Spek Boom

Justin Bonello

Portulacaria afra, also known as elephant brush but probably best known to South Africans as Spek Boom is a truly amazing plant. I’m sure many of you have it growing in your garden at home, and if you do, you will know that it is also edible. Elephants love this stuff, but when I was in the Baviaanskloof I discovered that it had even more amazing properties. Piet Kruger, a farmer at Zandvlakte who has been very good to us in our visits to the valley, has planted over 3 million Spek Bome over the course of 3 years and it’s not for the elephants because, unfortunately there are none left in the Baviaanskloof. The reason that he did this was to feed a far more ubiquitous creature…the earth.

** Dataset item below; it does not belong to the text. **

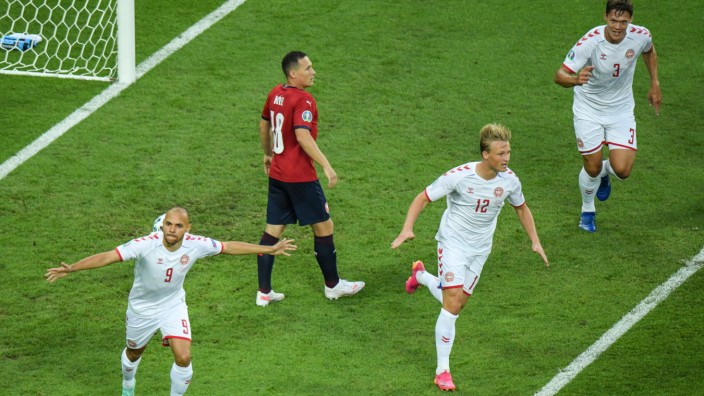 BAKU, AZERBAIJAN - JULY 03: Kasper Dolberg celebrates after scoring Denmark s first goal during the Euro 2020 Quarter Fi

Since we started farming in South Africa some 350 years ago, we have put tremendous pressure on the land and over the course of many generations it has become degraded and unable to regenerate effectively. What the Spek Boom does is absorb carbon in the form of carbon dioxide from the atmosphere and distribute it back into the earth whereby building healthy and fertile soil. All the animals wild animal love it as well and the tall eater like Kudu munch away at the top leaves, forcing the plant down and outwards to create a great form of land cover to regenerate the veldt. It’s really quite amazing and Piet has gone to enormous efforts to restore his land. Another interesting fact is that wherever the branch of a Spek Boom meets the ground, it re-roots itself! Isn’t nature amazing!?

He was telling me that it would take nature about 400 years to do what we can do in 40 in terms of regenerating the land, and it all starts with building healthy soil again.